Monetary Policy Responses

Global Coordination · Source: Windfall-trust
55
PARTIAL COPE

What it proposes

Central bank policies adapted for AI-driven deflation, productivity growth, and labor displacement.

Adapting monetary policy frameworks for an AI economy: managing AI-driven deflation, adjusting interest rates for permanent productivity growth, and potentially creating new monetary tools for a post-labor economy. Includes proposals for helicopter money, digital currencies, and inflation targeting modifications.

The challenge (their words)

Monetary policy operates on aggregate demand and inflation. AI disruption is structural, not cyclical — central banks can't solve structural unemployment with interest rates. If labor income declines broadly, traditional monetary transmission mechanisms (through employment and wages) break down.

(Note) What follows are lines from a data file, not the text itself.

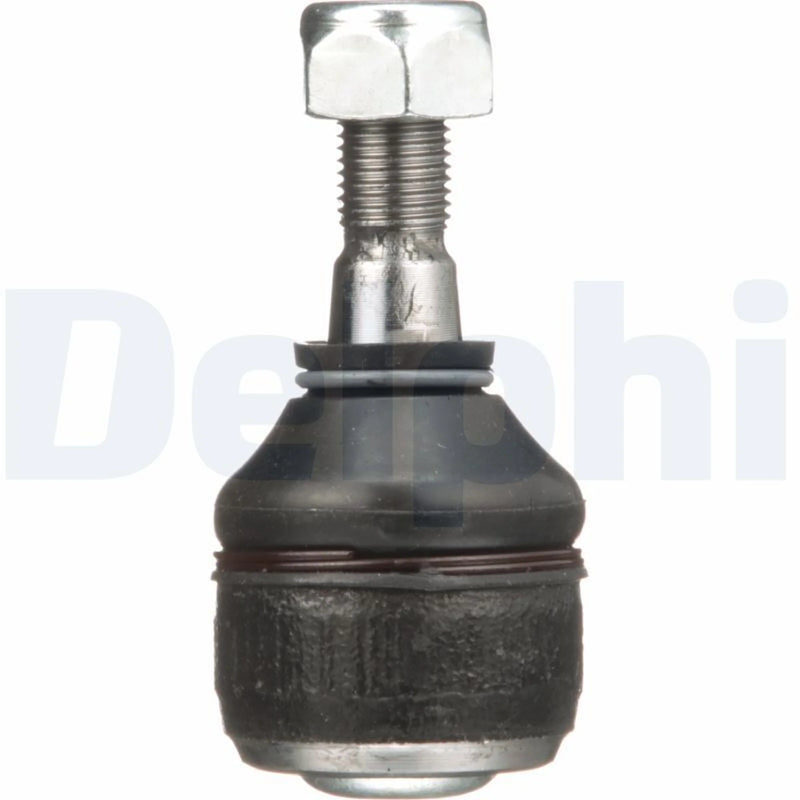 Delphi Steering Tie Rod End Ball Joint Front M14x1.5 TA1225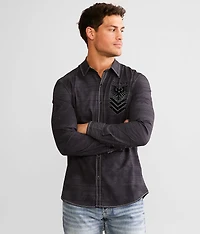 Layton Stretch Shirt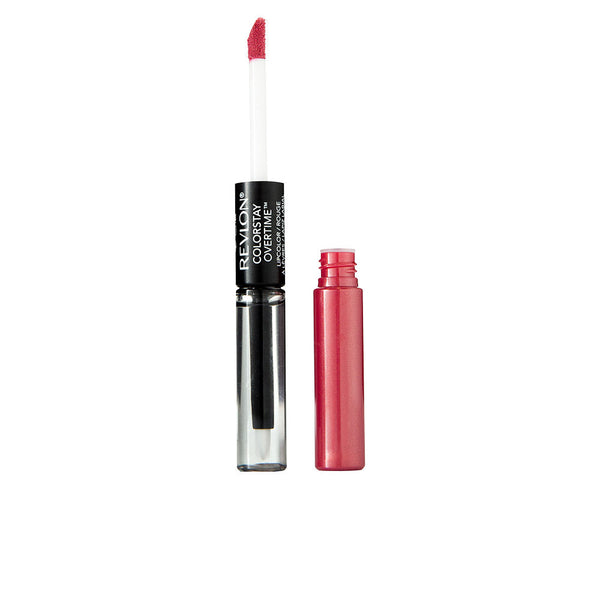 COLORSTAY OVERTIME lipcolor #20-constantly coral-0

Discontinuity Thesis Score Breakdown

💰 58
Unit-Cost Survivability
Does it survive near-zero marginal cost?
Lower interest rates make capital investment (including AI) cheaper, accelerating automation. Higher rates slow the economy and hurt displaced workers. There is no monetary policy that helps labor compete with AI.
🔌 55
Interface Collapse
Does it account for AI as the integration layer?
Monetary policy operates at the macroeconomic level, entirely above the interface layer. Interest rates don't affect whether AI integrates your workflow.
📉 55
Propagation Blindness
Does it see the full task→job→market cascade?
Central banks can see the macro effects of the cascade (unemployment, deflation, consumption collapse) but can only respond with tools designed for cyclical recessions, not structural transformation.
🎯 50
Coordination Feasibility
Can it be enforced when defection = advantage?
Central bank coordination has existing frameworks (G7, IMF). The coordination mechanism exists but is designed for traditional economic cycles, not AI displacement.

Oracle Verdict

Central banks adjusting interest rates while the labor market burns. Monetary policy can manage AI-driven deflation, adjust for productivity growth, and respond to displaced workers' reduced consumption. But monetary policy cannot create jobs that technology eliminates. The Fed can lower interest rates to zero — that stimulates investment in more AI, which displaces more workers. Monetary policy in an AI economy is pro-cyclical toward displacement.